▶ **EXERCISE OBJECTIVE**: Your reply must contain the lines from the one with "Rainbow Crayon Teacher Mug" through the last line of the material, exact and complete, with no pictures and no other text.
Segment Start: RAW DATA
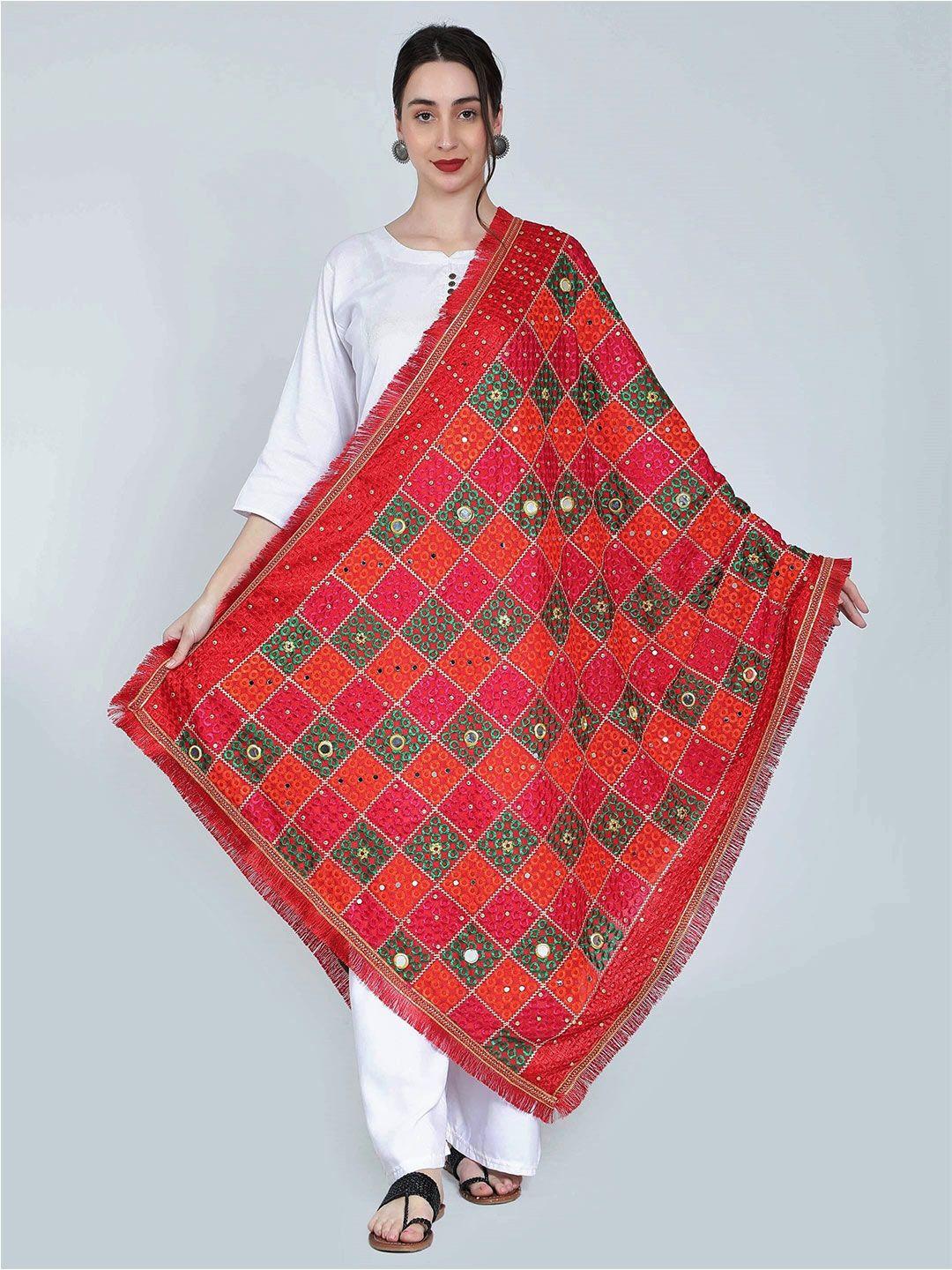 moda chales embroidered dupatta with phulkari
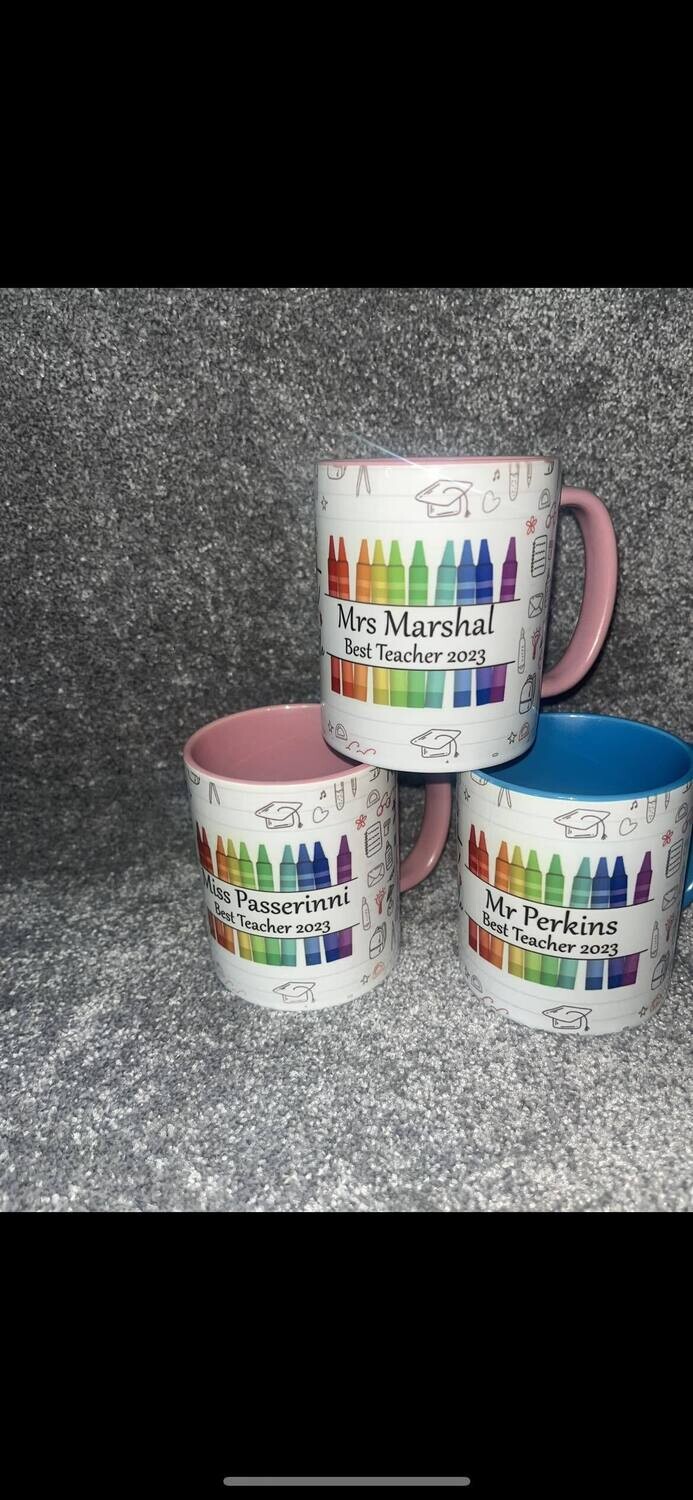 Rainbow Crayon Teacher Mug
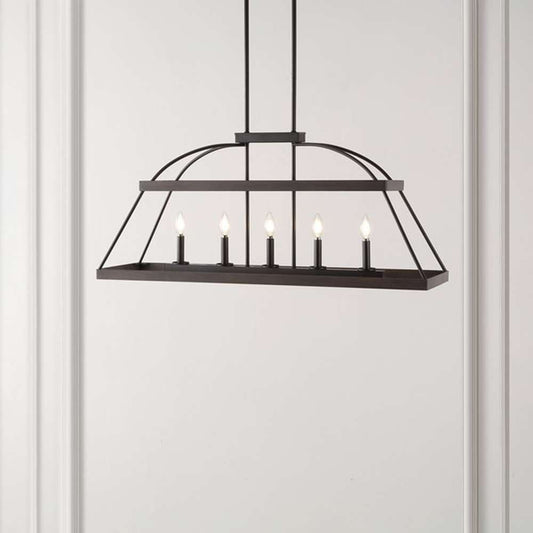 Safavieh - Byher 5Lt 40in Chandelier - Walnut - Oil Rub Bronze - CHA4045A veiw 2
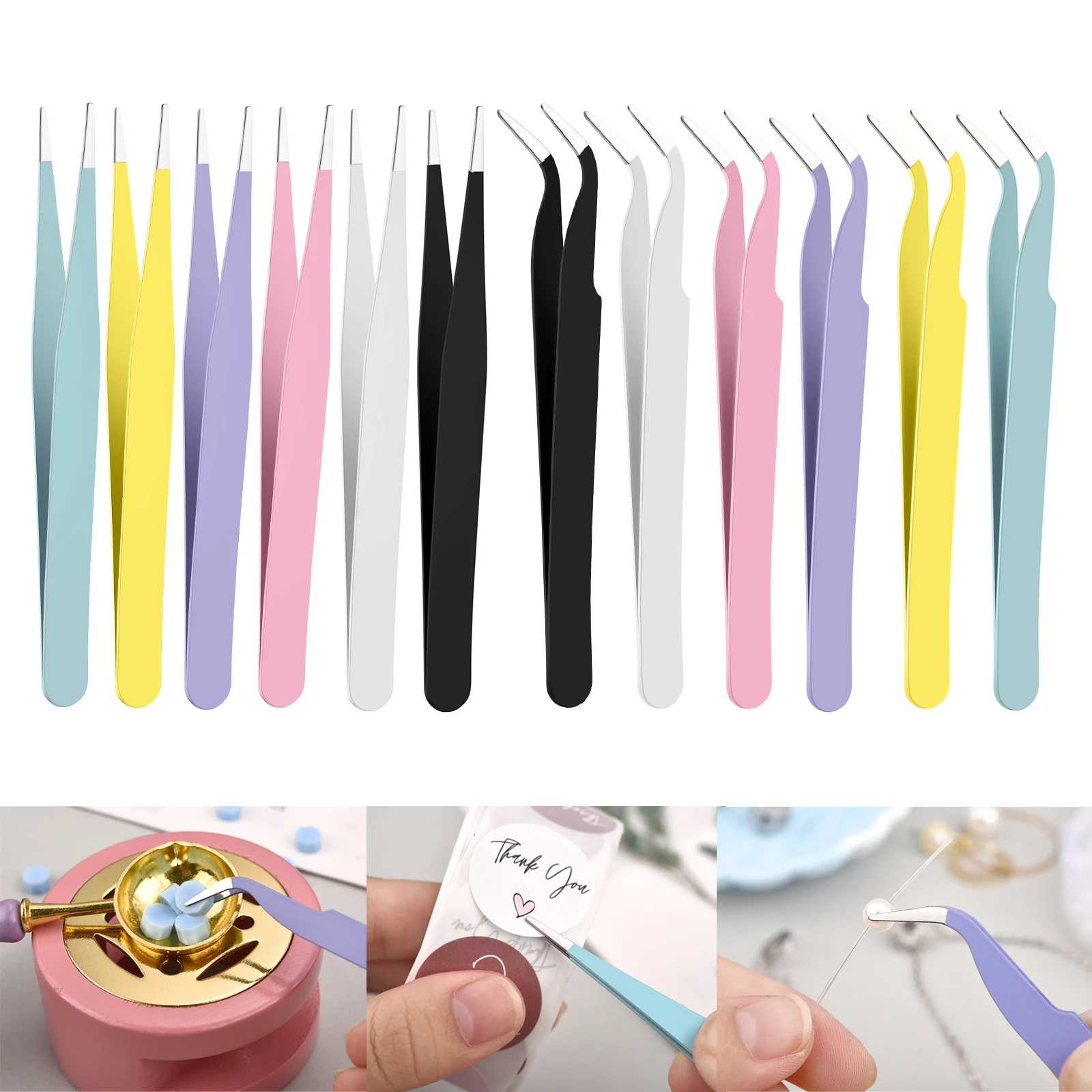 1 Piece Stainless Steel Candy Macaron Color Precision Tweezer for Journal Scrapbooking  Stickers DIY Tool - AliExpress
Segment End: RAW DATA
▶ **SOLUTION BELOW**:
 Rainbow Crayon Teacher Mug
 Safavieh - Byher 5Lt 40in Chandelier - Walnut - Oil Rub Bronze - CHA4045A veiw 2
 1 Piece Stainless Steel Candy Macaron Color Precision Tweezer for Journal Scrapbooking  Stickers DIY Tool - AliExpress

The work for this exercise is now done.